Kur'ân hakikati ile asâyı vuruyorum, mâ-i hayat fışkırıyor

Kur'ân hakikati ile asâyı vuruyorum, mâ-i hayat fışkırıyor

Günün Risale-i Nur dersi

Bismillahirrahmanirrahim

Remz

Arkadaş!

Katre nâmındaki eserimde Kur'ân'dan ilhamen takip ettiğim yol ile ehl-i nazar ve felsefenin takip ettikleri yol arasındaki fark şudur:

Kur'ân'dan tavr-ı kalbe ilham edilen asâ-yı Mûsâ gibi, mânevî bir asâ ihsan edilmiştir. Bu asâ ile, kitab-ı kâinatın herhangi bir zerresine vurulursa, derhal mâ-i hayat çıkar. Çünkü müessir ancak eserde görünebilir.

Mânevî asansör hükmünde olan murakabeler ile mâ-i hayatı bulmak pek müşküldür.

Vesaite lüzum gösteren ehl-i nazar ise, etraf-ı âlemi Arşa kadar gezmeleri lâzımdır.

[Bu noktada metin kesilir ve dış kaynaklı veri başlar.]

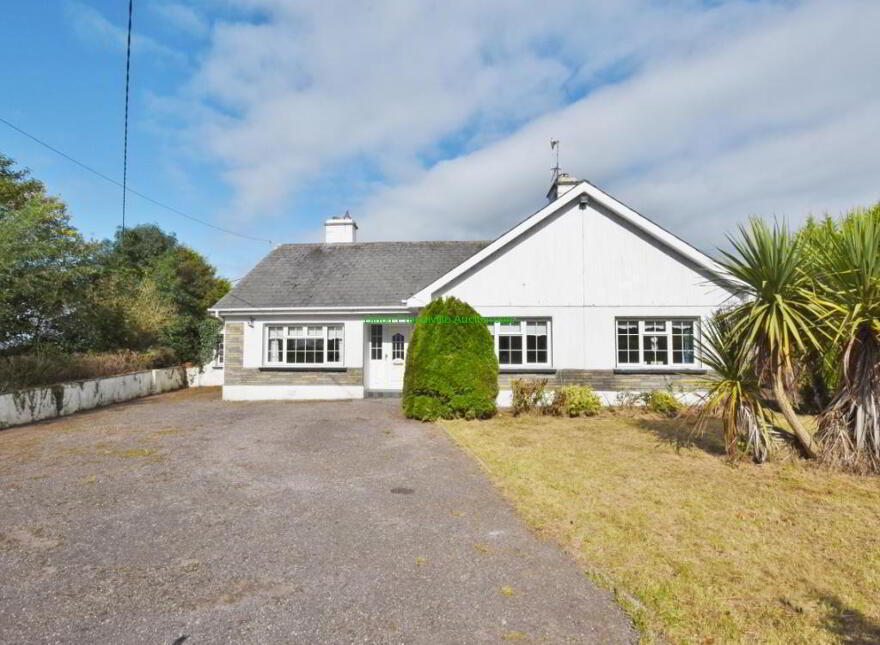 Carhooearagh, Just Added, Carhooearagh, Kilmorna, Listowel, V31RF64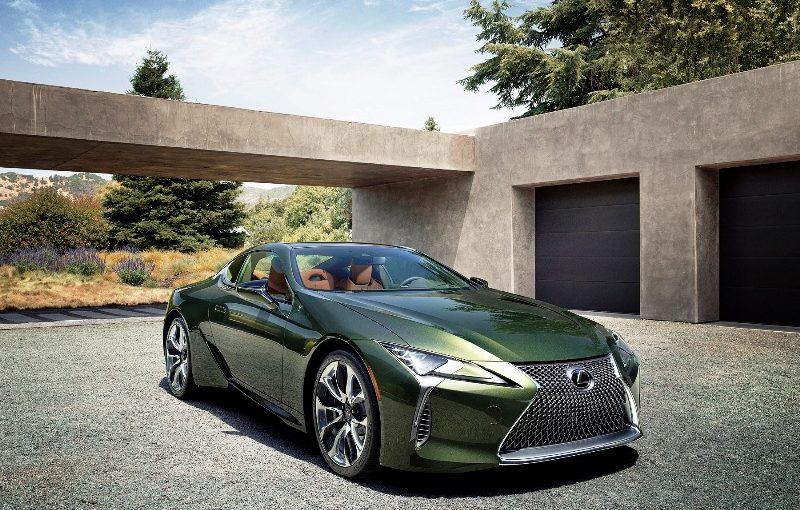 2020-lexus-lc-le 1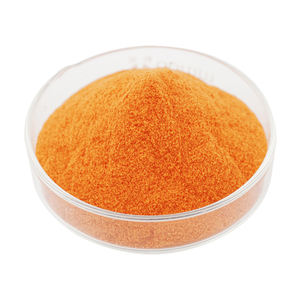 Polvo de luteína 20%/10% 5% materia prima colorante <span class=keywords><strong>soluble</strong></span> en aceite de grado alimenticio extracto de caléndula - Product Image 2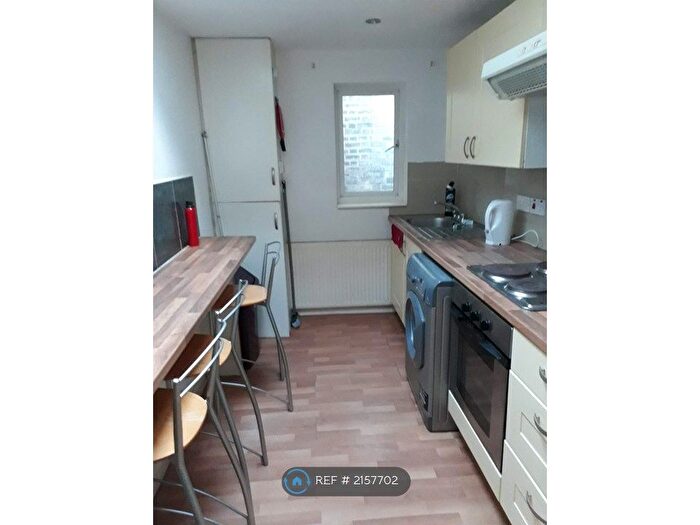 2 Bedroom Flat To Rent In Caledonian Rd, Holloway, N7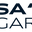 Sagar - Creative Consultant Logo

Ve o uzun mesafede hücum eden vesveselere, vehimlere, şeytanlara mağlûp olup caddeden çıkmamak için, pek çok burhanlar, alâmetler, nişanlar lâzımdır ki yolu şaşırtmasınlar.

Kur'ân ise, bize asâ-yı Mûsâ gibi bir hakikat vermiştir ki, nerede olsam, hattâ taş üzerinde de bulunsam, asâyı vuruyorum, mâ-i hayat fışkırıyor. Âlemin haricine giderek uzun seferlere ve su borularının kırılmaması ve parçalanmaması için muhafazaya muhtaç olmuyorum. Evet, وَفِى كُلِّ شَىْءٍ لَهُ اٰيَةٌ     تَدُلُّ عَلٰى اَنَّهُ وَاح ِدٌ 1
beytiyle, bu hakikat hakikatiyle tebarüz eder. 

Dipnot-1: "Herbir şeyde, O'nun bir olduğuna delâlet eden bir âyet vardır." İbnü'l-Mu'tez'in bir şiirinden alınmıştır. İbn-i Kesîr, Tefsîrü'l-Kur'âni'l-Azîm, 1:24.
HAŞİYE: Kur'ân'ın delâletiyle bulduğum yola gitmek isteyen için ve ona o yolu güzelce tarif etmek için, Risale-i Nur Külliyatı güzel bir tarifçidir.